Type again, exactly, the lines below from the start through the line that includes "Dinosaur Oatmeal for".

(Dataset items)
[Start of Attachment]
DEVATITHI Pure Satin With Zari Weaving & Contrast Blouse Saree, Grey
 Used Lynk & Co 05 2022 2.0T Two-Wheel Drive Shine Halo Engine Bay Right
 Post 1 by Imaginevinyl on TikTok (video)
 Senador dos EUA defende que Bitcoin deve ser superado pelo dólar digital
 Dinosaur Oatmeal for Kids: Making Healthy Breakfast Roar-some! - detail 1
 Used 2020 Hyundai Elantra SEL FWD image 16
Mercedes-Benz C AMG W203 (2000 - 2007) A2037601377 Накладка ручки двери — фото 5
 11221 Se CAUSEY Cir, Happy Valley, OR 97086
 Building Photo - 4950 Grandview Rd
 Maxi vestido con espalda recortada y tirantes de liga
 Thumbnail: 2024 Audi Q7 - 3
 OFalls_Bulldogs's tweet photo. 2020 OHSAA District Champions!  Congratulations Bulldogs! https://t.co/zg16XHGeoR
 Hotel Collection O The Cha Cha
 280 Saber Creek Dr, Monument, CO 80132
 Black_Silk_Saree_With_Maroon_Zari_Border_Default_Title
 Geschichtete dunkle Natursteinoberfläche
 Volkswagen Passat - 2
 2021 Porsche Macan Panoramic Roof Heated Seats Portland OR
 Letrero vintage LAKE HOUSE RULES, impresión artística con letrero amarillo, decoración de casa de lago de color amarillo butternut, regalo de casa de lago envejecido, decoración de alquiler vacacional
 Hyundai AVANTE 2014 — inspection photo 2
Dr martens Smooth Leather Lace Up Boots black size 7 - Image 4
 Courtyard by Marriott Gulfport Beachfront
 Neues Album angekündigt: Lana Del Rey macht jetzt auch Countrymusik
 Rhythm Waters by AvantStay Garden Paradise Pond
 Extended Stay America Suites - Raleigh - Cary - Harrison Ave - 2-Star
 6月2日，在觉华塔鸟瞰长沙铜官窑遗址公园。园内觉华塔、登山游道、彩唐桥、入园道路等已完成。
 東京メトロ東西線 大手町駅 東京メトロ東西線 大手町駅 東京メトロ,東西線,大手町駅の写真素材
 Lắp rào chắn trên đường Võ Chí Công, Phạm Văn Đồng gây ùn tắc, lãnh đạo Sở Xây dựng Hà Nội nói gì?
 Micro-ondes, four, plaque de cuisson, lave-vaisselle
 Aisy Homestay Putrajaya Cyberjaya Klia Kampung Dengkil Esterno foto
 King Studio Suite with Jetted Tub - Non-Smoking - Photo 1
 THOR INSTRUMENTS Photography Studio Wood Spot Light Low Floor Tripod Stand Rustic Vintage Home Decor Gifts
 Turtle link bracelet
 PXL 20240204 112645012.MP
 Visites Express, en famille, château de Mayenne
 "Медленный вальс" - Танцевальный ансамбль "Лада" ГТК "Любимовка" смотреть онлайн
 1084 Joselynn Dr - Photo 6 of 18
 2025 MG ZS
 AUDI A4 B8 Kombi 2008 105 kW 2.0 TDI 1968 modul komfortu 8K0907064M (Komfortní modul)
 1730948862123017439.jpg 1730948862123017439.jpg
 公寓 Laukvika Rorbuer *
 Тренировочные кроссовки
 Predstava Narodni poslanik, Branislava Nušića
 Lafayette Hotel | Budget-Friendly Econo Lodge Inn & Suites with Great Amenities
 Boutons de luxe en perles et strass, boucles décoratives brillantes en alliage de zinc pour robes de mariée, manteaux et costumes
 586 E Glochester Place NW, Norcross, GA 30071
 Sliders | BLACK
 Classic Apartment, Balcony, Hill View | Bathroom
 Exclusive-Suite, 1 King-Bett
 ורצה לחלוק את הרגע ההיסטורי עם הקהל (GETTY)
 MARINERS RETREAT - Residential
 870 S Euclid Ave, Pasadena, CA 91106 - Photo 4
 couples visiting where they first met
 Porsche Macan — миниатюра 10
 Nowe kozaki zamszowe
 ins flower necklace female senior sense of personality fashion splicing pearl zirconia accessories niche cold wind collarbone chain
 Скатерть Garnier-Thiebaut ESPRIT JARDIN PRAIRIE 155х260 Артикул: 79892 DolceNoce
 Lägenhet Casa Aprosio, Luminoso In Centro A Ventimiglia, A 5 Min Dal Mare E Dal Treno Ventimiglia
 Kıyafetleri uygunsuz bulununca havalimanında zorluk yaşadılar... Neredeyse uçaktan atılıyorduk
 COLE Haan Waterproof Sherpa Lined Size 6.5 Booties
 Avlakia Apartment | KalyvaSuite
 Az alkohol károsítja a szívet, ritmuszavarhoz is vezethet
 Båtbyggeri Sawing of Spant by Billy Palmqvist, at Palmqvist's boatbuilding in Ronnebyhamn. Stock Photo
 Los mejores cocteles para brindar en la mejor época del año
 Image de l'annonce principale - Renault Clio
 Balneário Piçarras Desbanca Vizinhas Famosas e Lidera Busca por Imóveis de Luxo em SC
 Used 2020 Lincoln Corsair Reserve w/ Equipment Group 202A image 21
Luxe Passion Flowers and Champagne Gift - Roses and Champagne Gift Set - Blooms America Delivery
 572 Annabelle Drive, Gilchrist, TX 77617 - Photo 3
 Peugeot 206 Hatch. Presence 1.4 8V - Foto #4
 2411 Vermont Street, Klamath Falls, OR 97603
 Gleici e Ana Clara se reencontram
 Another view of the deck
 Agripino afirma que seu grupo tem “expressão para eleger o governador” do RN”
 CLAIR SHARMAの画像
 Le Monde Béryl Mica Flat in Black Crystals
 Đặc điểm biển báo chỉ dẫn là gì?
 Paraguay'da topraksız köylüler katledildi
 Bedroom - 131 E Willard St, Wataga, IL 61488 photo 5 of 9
[End of Attachment]
● **ANSWER BELOW**:
DEVATITHI Pure Satin With Zari Weaving & Contrast Blouse Saree, Grey
 Used Lynk & Co 05 2022 2.0T Two-Wheel Drive Shine Halo Engine Bay Right
 Post 1 by Imaginevinyl on TikTok (video)
 Senador dos EUA defende que Bitcoin deve ser superado pelo dólar digital
 Dinosaur Oatmeal for Kids: Making Healthy Breakfast Roar-some! - detail 1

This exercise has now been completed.